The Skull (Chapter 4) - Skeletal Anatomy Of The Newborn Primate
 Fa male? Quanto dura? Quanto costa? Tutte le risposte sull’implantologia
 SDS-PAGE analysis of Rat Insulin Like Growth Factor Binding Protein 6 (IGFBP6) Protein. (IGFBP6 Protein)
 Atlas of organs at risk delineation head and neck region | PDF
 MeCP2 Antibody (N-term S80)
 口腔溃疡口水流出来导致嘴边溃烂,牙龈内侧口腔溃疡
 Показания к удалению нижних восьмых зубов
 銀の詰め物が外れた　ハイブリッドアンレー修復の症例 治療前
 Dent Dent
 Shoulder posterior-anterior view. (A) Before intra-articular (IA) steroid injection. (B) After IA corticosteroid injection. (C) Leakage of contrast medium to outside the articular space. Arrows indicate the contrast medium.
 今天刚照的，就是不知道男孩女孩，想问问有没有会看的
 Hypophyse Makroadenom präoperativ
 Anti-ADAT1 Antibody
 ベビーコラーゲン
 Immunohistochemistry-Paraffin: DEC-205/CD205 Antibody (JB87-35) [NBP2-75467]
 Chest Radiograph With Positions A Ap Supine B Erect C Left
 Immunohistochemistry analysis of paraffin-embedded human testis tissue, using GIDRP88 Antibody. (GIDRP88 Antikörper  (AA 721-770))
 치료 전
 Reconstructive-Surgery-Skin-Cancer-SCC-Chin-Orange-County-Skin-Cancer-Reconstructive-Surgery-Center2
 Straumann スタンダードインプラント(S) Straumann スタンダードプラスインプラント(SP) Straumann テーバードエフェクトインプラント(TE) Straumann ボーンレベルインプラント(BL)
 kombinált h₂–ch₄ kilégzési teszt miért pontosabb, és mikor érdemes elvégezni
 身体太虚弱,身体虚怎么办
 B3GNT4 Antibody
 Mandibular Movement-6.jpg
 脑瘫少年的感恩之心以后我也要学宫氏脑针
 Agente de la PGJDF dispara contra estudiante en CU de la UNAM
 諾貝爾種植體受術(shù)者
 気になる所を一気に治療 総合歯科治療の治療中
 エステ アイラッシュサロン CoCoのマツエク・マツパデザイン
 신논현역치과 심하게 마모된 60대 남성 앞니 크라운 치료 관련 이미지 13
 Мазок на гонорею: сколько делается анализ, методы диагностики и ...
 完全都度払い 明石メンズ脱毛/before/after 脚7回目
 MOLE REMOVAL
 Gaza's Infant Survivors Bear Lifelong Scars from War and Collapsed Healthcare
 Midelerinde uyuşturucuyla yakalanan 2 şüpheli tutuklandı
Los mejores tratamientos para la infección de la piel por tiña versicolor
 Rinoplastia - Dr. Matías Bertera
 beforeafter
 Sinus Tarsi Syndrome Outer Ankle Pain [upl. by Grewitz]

***

* Work request:
Nothing should be returned except the lines from the first line of the data above through the line with "Midelerinde uyuşturucuyla yakalanan", each one exact.

* Solution for this problem:
The Skull (Chapter 4) - Skeletal Anatomy Of The Newborn Primate
 Fa male? Quanto dura? Quanto costa? Tutte le risposte sull’implantologia
 SDS-PAGE analysis of Rat Insulin Like Growth Factor Binding Protein 6 (IGFBP6) Protein. (IGFBP6 Protein)
 Atlas of organs at risk delineation head and neck region | PDF
 MeCP2 Antibody (N-term S80)
 口腔溃疡口水流出来导致嘴边溃烂,牙龈内侧口腔溃疡
 Показания к удалению нижних восьмых зубов
 銀の詰め物が外れた　ハイブリッドアンレー修復の症例 治療前
 Dent Dent
 Shoulder posterior-anterior view. (A) Before intra-articular (IA) steroid injection. (B) After IA corticosteroid injection. (C) Leakage of contrast medium to outside the articular space. Arrows indicate the contrast medium.
 今天刚照的，就是不知道男孩女孩，想问问有没有会看的
 Hypophyse Makroadenom präoperativ
 Anti-ADAT1 Antibody
 ベビーコラーゲン
 Immunohistochemistry-Paraffin: DEC-205/CD205 Antibody (JB87-35) [NBP2-75467]
 Chest Radiograph With Positions A Ap Supine B Erect C Left
 Immunohistochemistry analysis of paraffin-embedded human testis tissue, using GIDRP88 Antibody. (GIDRP88 Antikörper  (AA 721-770))
 치료 전
 Reconstructive-Surgery-Skin-Cancer-SCC-Chin-Orange-County-Skin-Cancer-Reconstructive-Surgery-Center2
 Straumann スタンダードインプラント(S) Straumann スタンダードプラスインプラント(SP) Straumann テーバードエフェクトインプラント(TE) Straumann ボーンレベルインプラント(BL)
 kombinált h₂–ch₄ kilégzési teszt miért pontosabb, és mikor érdemes elvégezni
 身体太虚弱,身体虚怎么办
 B3GNT4 Antibody
 Mandibular Movement-6.jpg
 脑瘫少年的感恩之心以后我也要学宫氏脑针
 Agente de la PGJDF dispara contra estudiante en CU de la UNAM
 諾貝爾種植體受術(shù)者
 気になる所を一気に治療 総合歯科治療の治療中
 エステ アイラッシュサロン CoCoのマツエク・マツパデザイン
 신논현역치과 심하게 마모된 60대 남성 앞니 크라운 치료 관련 이미지 13
 Мазок на гонорею: сколько делается анализ, методы диагностики и ...
 完全都度払い 明石メンズ脱毛/before/after 脚7回目
 MOLE REMOVAL
 Gaza's Infant Survivors Bear Lifelong Scars from War and Collapsed Healthcare
 Midelerinde uyuşturucuyla yakalanan 2 şüpheli tutuklandı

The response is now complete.